Parmi les instruments récents, le fonds « Game Changer » illustre la volonté des pouvoirs publics et des partenaires privés de renforcer l’accompagnement des studios en croissance. Selon le communiqué de presse de lancement diffusé en 2022, ce fonds vise à soutenir des projets à fort potentiel international, en apportant des ressources complémentaires au crédit d’impôt et aux aides classiques. Il s’adresse en priorité aux structures déjà établies, capables de porter des productions de plus grande envergure, et doit monter en puissance à l’horizon 2025-2026 en fonction des premiers retours d’expérience.

Les données de levées de fonds dans le secteur du jeu vidéo, issues de bases spécialisées et de rapports d’analystes, montrent une montée en puissance des financements privés aux côtés des dispositifs publics. Pour être exploitables, ces chiffres doivent être précisément sourcés (nom de la base, période couverte, typologie des opérations retenues) et replacés dans leur contexte (stade de développement des studios, nature des projets financés, part des opérations internationales). Cette rigueur permet d’éviter les approximations et de mieux apprécier l’effet de levier du CIJV sur l’investissement global. Les études sectorielles publiées entre 2021 et 2023 soulignent ainsi une progression significative des tours de table supérieurs à 5 M€ pour les studios français.

En pratique, un studio peut articuler le CIJV avec un apport en fonds propres, un prêt bancaire, une subvention de développement et, le cas échéant, un soutien du fonds « Game Changer ». La combinaison de ces ressources doit être anticipée dès la phase de conception du projet, afin d’optimiser le calendrier des décaissements et de limiter les tensions de trésorerie. Une FAQ interne recensant les principales questions (cumul des aides, impact sur la valorisation, calendrier de versement) facilite le dialogue avec les investisseurs et les partenaires financiers.

7. Bonnes pratiques pour les studios et conclusion

Pour tirer pleinement parti du crédit d’impôt jeu vidéo, les studios ont intérêt à adopter une démarche structurée dès les premières phases de conception. Une bonne pratique consiste à établir une check-list opérationnelle intégrant, dans un même flux, les exigences d’éligibilité, les contraintes réglementaires et les pièces nécessaires au dossier d’agrément. Cette approche évite les redondances, réduit les risques d’oubli et facilite le dialogue avec le CNC et l’administration fiscale.

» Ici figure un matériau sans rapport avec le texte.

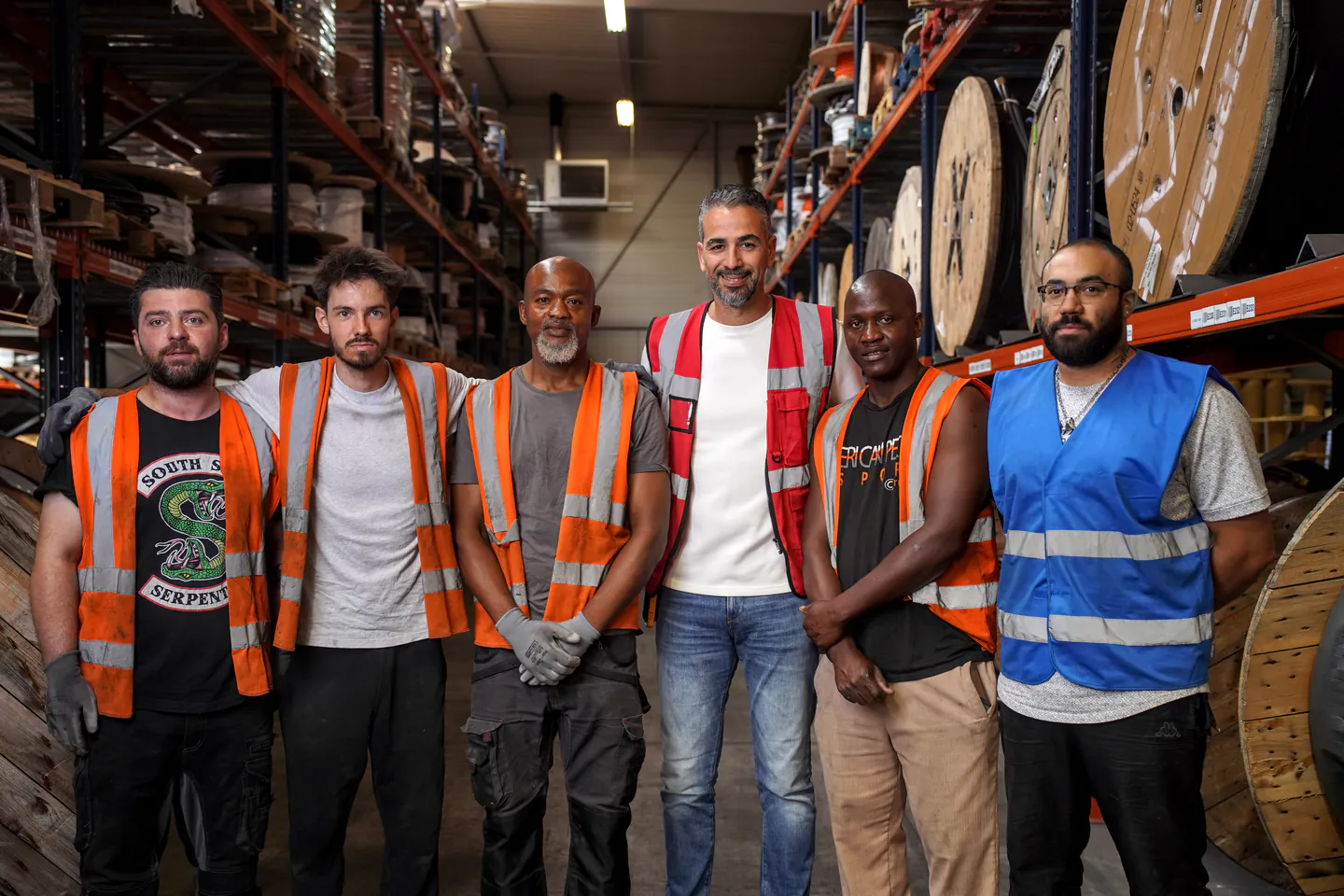L’équipe logistique de REMATEC en gilets de sécurité devant les tourets de câble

Elle peut, par exemple, reprendre les rubriques du formulaire officiel d’agrément provisoire et les compléter par des rappels internes (validation juridique des contrats, archivage des versions du jeu, suivi des temps passés).

Sur le plan organisationnel, la mise en place d’un suivi budgétaire fin, adossé à une comptabilité analytique par projet, est essentielle. Elle permet d’identifier clairement les dépenses éligibles, de documenter les choix de production et de justifier les montants déclarés en cas de contrôle. L’implication conjointe des équipes créatives, financières et juridiques contribue à sécuriser le dispositif et à en maximiser l’impact sur la rentabilité des projets. Les retours d’expérience partagés lors des rencontres professionnelles organisées par le CNC montrent que les studios ayant formalisé des procédures internes obtiennent plus facilement leurs agréments définitifs.

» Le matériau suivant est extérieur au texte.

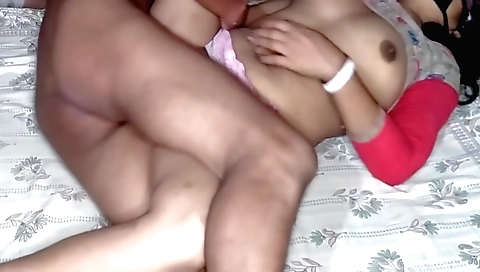 Indian milf with nice ass plays with her nice pussy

Enfin, la consultation régulière des textes de référence (article 220 terdecies du CGI, instructions du CNC, communiqués officiels) et des données sectorielles (rapports annuels, études de marché, statistiques de levées de fonds) permet aux dirigeants de studios de disposer d’une vision à jour de l’environnement réglementaire et économique. Dans un secteur en évolution rapide, cette veille est indispensable pour adapter sa stratégie, anticiper les changements de règles et continuer à mobiliser efficacement le CIJV comme levier de financement de la création. Les ajustements attendus à l’horizon 2026, dans le cadre des prochaines lois de finances et des discussions avec la Commission européenne, devront ainsi être suivis de près pour sécuriser la pérennité du dispositif et optimiser son utilisation par les studios français.